Oxford University Press, 1995, excerpted online at http://www.xrefer.com/entry/372360 as of 6/18/02; Wright. "The Literary Interests of the First Carters."
 No copy of Comenius's work appears in the inventory of Carter's library. A typical edition that Carter might have used would be: Johann Amos Comenius (1592-1670), Janua Linguarum Trilinguis, Sive, Johannis-Amos-Comenii Janua Linguarum: Novissime ab Ipso Authore Recognita, Aucta, Emendata: Adjunctis Metaphrasi Graeca et Anglicana Versione.
 "Eton College, near Windsor, Berkshire, one of England's largest independent secondary schools and one of the highest in prestige. It was founded by Henry VI in 1440-41 for 70 highly qualified boys who received scholarships from a fund endowed by the king. Simultaneously, Henry founded King's College, Cambridge, to which scholars from Eton were to proceed. That connection is no longer in place." ("Eton College," from the Encyclopedia Brittanica
online, http://www.britannica.com/EBchecked/topic/194547/Eton-College. 1/10/2011)
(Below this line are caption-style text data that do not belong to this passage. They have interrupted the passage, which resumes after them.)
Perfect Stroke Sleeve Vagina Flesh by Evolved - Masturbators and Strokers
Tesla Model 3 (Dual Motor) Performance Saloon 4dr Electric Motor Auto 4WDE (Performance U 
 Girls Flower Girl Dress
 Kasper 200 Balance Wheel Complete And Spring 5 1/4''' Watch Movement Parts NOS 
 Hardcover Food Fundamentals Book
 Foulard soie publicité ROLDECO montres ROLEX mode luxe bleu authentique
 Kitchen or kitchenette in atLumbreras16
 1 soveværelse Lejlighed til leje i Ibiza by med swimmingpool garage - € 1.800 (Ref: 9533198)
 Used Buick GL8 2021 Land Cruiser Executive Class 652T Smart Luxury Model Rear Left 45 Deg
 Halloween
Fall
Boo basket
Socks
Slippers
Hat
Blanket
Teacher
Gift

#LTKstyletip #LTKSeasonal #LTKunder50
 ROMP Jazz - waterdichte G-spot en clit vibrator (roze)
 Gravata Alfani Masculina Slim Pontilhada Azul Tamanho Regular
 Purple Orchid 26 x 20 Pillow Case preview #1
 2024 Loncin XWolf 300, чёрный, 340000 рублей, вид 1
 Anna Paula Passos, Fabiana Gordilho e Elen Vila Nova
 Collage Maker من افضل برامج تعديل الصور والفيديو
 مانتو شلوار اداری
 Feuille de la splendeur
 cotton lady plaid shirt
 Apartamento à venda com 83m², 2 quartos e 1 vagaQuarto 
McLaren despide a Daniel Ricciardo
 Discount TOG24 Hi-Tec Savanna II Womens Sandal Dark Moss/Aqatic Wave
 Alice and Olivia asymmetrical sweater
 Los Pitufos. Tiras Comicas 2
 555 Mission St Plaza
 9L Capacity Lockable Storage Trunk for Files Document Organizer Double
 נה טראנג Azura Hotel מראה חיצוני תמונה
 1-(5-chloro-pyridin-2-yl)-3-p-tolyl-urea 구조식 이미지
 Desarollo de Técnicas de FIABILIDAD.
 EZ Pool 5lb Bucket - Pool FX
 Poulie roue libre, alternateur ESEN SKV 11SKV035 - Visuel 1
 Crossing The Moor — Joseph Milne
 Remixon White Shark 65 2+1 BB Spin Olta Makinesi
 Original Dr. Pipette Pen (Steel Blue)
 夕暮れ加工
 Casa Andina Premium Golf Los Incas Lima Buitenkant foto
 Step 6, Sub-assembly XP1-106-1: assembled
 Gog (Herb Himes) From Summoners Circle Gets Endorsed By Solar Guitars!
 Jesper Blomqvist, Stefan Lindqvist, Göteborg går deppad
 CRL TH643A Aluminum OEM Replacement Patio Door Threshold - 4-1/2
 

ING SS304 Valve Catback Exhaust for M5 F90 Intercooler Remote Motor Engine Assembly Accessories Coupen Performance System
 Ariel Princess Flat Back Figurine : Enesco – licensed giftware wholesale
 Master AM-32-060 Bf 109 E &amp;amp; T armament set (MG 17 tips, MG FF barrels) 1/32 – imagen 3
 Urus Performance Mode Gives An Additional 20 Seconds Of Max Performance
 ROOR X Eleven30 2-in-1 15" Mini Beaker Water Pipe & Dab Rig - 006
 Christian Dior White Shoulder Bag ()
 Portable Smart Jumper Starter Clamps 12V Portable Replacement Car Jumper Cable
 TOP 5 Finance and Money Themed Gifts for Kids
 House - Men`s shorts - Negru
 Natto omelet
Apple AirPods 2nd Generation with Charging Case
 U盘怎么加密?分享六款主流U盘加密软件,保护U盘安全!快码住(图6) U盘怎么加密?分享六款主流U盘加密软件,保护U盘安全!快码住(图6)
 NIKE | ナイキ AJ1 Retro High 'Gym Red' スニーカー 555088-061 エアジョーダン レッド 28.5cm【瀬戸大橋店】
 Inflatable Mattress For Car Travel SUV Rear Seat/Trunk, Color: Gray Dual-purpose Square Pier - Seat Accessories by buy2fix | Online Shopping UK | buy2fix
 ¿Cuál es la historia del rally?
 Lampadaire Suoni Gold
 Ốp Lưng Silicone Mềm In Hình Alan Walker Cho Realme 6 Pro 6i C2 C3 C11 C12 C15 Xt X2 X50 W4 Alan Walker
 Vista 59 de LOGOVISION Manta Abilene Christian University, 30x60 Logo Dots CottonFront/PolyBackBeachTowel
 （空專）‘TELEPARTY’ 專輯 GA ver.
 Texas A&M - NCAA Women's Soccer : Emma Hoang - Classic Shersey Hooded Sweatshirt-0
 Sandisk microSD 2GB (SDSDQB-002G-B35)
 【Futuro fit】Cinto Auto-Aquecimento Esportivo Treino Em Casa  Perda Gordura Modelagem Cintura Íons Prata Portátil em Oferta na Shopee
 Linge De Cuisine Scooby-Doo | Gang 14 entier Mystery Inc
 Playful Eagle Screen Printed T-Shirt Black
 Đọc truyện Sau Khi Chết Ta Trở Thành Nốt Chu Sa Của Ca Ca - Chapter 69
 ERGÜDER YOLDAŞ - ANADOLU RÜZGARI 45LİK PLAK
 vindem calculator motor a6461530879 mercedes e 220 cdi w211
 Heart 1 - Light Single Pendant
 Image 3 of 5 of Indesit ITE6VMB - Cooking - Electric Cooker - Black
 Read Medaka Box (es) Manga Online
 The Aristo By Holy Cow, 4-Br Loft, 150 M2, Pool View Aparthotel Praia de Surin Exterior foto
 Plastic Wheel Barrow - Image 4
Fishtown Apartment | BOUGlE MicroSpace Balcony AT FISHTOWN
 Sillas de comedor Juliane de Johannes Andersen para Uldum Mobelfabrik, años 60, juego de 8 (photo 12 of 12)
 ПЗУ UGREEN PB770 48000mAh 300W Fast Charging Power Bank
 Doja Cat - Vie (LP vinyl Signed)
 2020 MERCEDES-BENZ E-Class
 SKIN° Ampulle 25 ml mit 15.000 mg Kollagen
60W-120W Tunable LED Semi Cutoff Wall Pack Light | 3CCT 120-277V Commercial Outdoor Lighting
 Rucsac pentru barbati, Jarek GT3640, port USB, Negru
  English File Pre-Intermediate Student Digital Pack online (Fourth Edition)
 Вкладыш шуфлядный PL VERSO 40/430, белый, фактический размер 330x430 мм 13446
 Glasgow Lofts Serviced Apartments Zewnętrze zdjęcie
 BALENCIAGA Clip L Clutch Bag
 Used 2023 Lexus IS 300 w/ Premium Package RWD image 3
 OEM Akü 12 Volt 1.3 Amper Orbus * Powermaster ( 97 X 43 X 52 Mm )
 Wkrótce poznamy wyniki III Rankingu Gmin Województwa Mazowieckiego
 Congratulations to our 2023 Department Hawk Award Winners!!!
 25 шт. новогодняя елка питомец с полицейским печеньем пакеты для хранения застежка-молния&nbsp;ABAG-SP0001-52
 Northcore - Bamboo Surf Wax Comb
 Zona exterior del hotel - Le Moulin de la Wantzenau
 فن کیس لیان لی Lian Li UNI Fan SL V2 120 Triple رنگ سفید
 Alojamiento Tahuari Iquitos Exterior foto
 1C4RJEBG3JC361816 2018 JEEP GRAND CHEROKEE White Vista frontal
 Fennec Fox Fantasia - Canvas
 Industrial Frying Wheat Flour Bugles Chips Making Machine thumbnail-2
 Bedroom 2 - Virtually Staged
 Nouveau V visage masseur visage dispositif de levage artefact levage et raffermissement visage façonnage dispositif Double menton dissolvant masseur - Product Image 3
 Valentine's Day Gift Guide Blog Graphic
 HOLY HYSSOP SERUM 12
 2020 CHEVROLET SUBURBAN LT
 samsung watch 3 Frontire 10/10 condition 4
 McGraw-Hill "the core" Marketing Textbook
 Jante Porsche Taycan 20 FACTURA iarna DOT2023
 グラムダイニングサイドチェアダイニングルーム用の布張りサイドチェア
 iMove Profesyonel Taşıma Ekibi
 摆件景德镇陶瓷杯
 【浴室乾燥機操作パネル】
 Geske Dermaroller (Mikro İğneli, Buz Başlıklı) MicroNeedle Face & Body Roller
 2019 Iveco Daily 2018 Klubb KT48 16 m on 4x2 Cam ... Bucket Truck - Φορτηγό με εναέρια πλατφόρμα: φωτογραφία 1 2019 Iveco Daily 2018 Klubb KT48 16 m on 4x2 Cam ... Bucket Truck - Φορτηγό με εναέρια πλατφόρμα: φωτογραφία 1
 Lewis Burwell (1711 or 1712-1756), Carter's grandson by Elizabeth Carter Burwell and her first husband, Nathaniel Burwell (1680-1721). He was educated at Eton and Cambridge, and inherited considerable property, living at "Fairfield," Gloucester Coounty. He would be president of the Council in 1750-1751.(Kneebone et al.
, Dictionary of Virginia Biography.
This text, originally posted in 2002, was revised January 11, 2011, to add footnotes, and to strengthen the modern language version text.